Monday, Jul. 18, 1994
It's Already the TV Movie
By RICHARD CORLISS
Are we weary of this yet? Has a single citizen of the global village OD'd on O.J.? Apparently not. Every day for two weeks everybody was talking, everybody was watching. Last Friday, when the pretrial hearing reached its grisly climax, was Day 26 of America Held Hostage by its own lust for sensation. On ABC, CBS, NBC, FOX, CNN, ESPN2 and especially COURT TV (the all-O.J. channel), the talkathon played six or more hours a day. Afternoon ratings soared 24% above their usual levels; prime-time specials were available for the law- impaired and the jurisimprudent. If you still couldn't get enough, you must have contracted Simpsonitis, an inflammation of tabloid curiosity, which has evidently attained epidemic proportions in Los Angeles; at least station KCBS- TV deemed that affliction worthy of a special news report. We have reached the nadir of infotainment: infotaint.

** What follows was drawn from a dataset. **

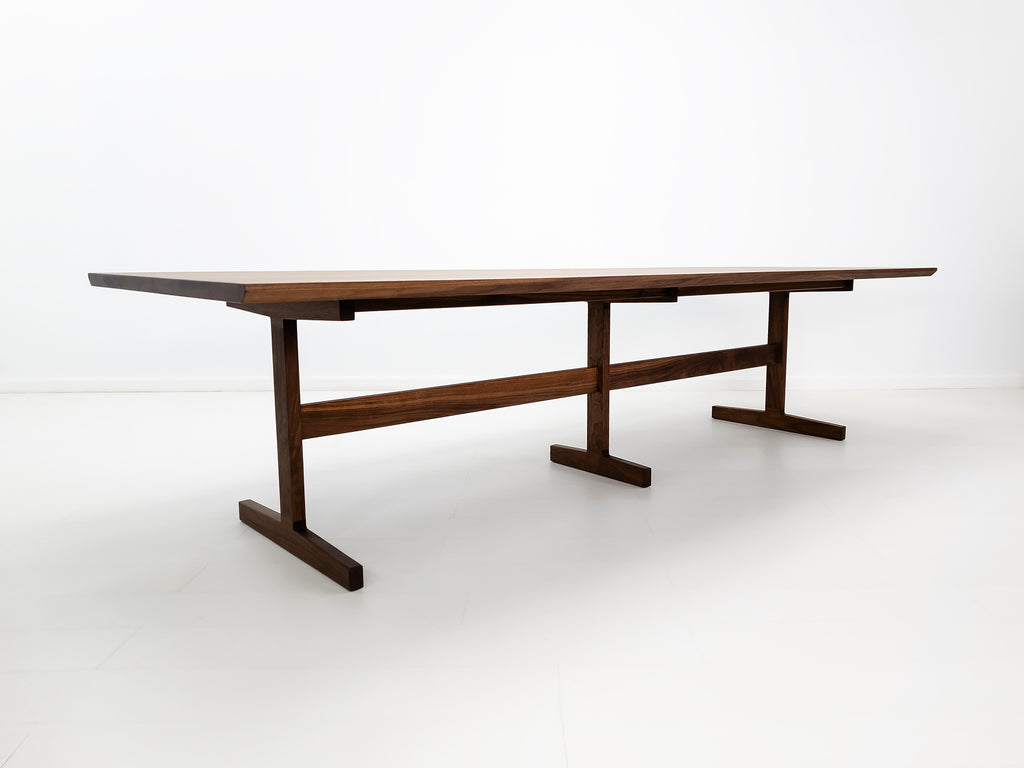 BRIT trestle dining table in oiled walnut, shown with beveled edge top and hardwax oil finish.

America has a strange taste in atrocities and an elastic attention span for them. The 10,000 African children who die each day of starvation can hardly cop a headline, but Tonya and Nancy held our fascination for weeks. Some see O.J. Simpson as a hero, not guilty by reason of celebrity. Others want him to be unmasked as a villain, if only because it solves this riveting murder mystery. Until a jury determines his fate, he is neither. He is a minor pop star -- a onetime running back, a rental-car salesman, a modestly gifted actor -- in big trouble. Perhaps in an age long depleted of kings, we can come no closer to Greek tragedy than Oedipus Hertz.
Every star needs supporting actors. Simpson's have come, almost literally, from Central Casting. Brian Kaelin, with his sleepy-surfer blondness, is a part-time actor whose films include Beach Fever. Robert Shapiro, the Rupert Murdoch look-alike, and Gerald Uelmen, a less telegenic Matlock, play bad cop- good cop for the defense. Prosecutor Marcia Clark is a former professional dancer. Clark's witnesses have a nice racial mix out of Hill Street Blues: Greek-American male nurse, Chinese-American criminalist, middle-American detectives. During recesses, big-shot defense attorneys -- hired guns who fit the western-movie stereotypes of cowboy, gambler and hard-eyed madam -- are ready to offer the predictable wisdom that no man should be presumed guilty if he can afford to retain one of them. And just as the hearing is a sneak preview of the murder trial, so these bit players seem to be auditioning for a second career. The Tonight Show's Jay Leno imagined them all thinking, "Gee, I hope I get to play myself in the TV movie."
A TV movie would of course be redundant. This was already the perfect living-room entertainment: Barnum & Bailey meets Barnaby Jones. But it was also an education in TV watching. With no laugh track, no sobbing violins, viewers had to decide for themselves how to react to this bizarre and compelling summer series. How, for example, to decipher the soul behind a face as beautiful, iconic and unknowable as O.J. Simpson's? On Friday he listened to the coroner's droning, explicit testimony of the wounds that caused Nicole Simpson's death. Raw emotion played on his features, but what emotion? Shock? Remorse? Fury? We have spent thousands of hours watching cop shows and love stories, intuiting feelings from faces. A glance at O.J. proved that there are some secrets even TV cannot reveal.